For the foregoing reasons, it must be concluded that the defendants transferred property within a year prior to bankruptcy with intent to hinder, delay and defraud a creditor within the meaning of § 727(a)(2)(A) of the Bankruptcy Code. The intentional character of the misconduct and the seriousness of its consequences require the denial of the defendants' discharge in bankruptcy.
It is axiomatic that the showing of one or more of the grounds for denial of discharge is a necessary, albeit not a sufficient, condition for denial of discharge. It remains within the discretion of the court to determine whether discharge should be denied.

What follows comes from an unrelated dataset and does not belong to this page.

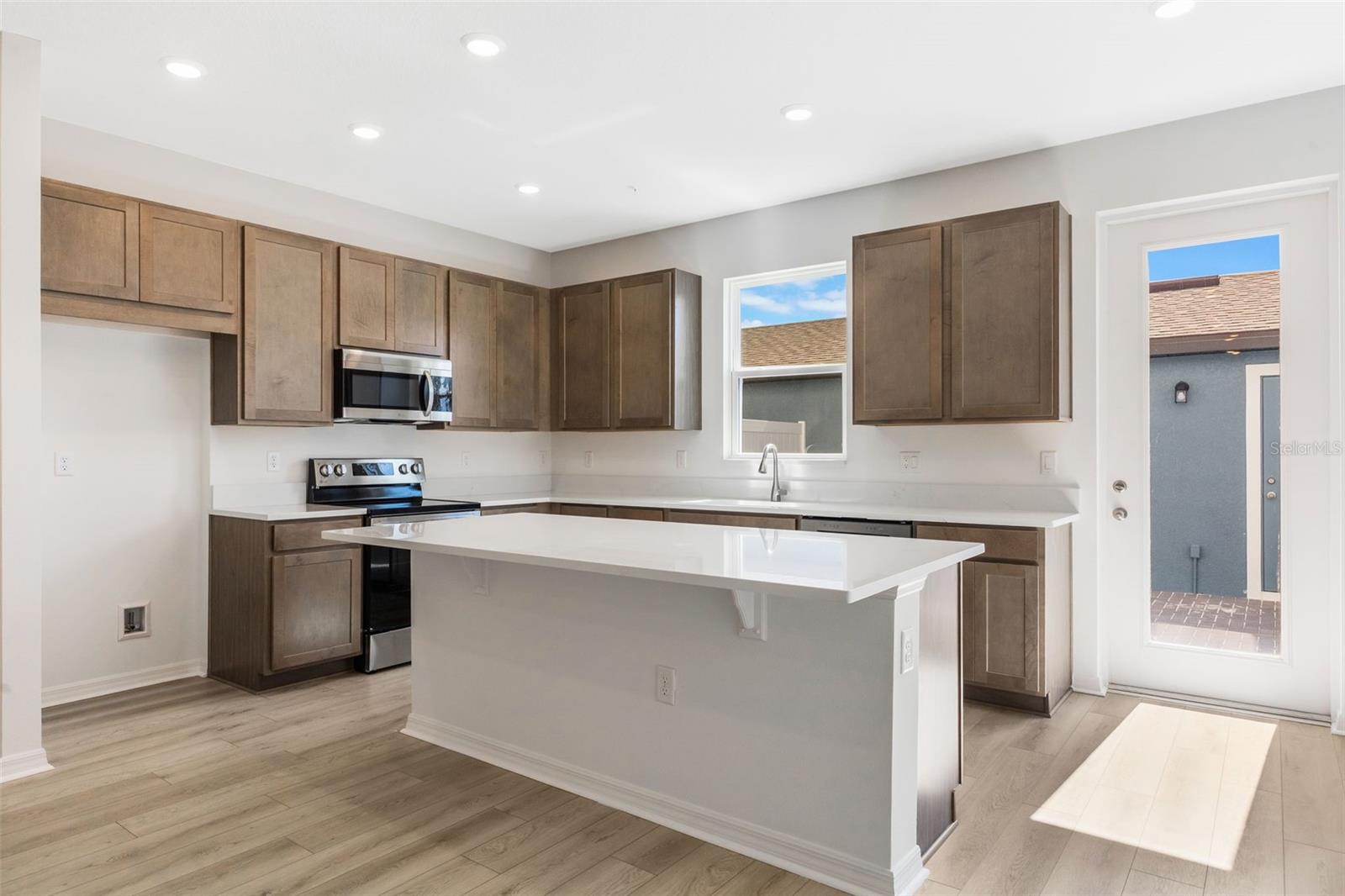 Image 5 of 18 For 691 Blissful Gardens Way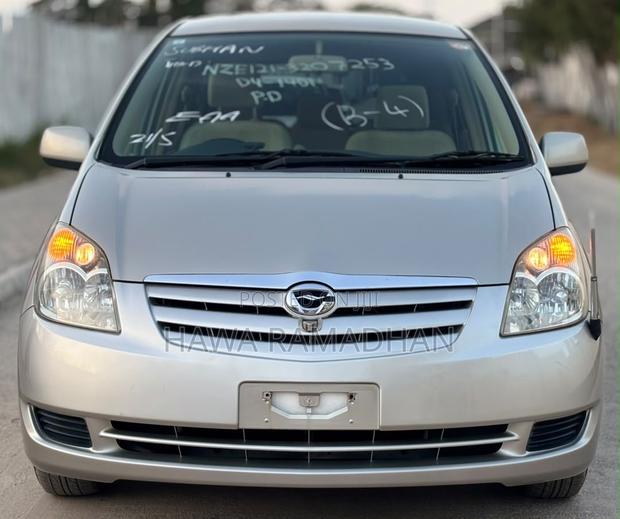 Toyota Corolla Spacio 2004 Silver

The court notes that the plaintiff requests additional relief in her complaint herein in the form of an order avoiding the transfer. But this court does not purport now to determine the existence, character, or magnitude of the defendants' indebtedness to plaintiff nor to nullify the transfer, nor render any judgment beyond the denial of a discharge. The resolution of those issues must necessarily await a suit in which the proper parties are joined.
It is not necessary to determine in the action at bar any fact respecting the defendants' indebtedness to plaintiff other than the fact that such a debt existed (as is admitted) at the time of the transfer.
In order to nullify the transfer, it is necessary to join the current titleholders of the property. See note 5, supra.
It is therefore, accordingly,
ORDERED, ADJUDGED AND DECREED that the discharge of defendants in bankruptcy be, and it is hereby, denied.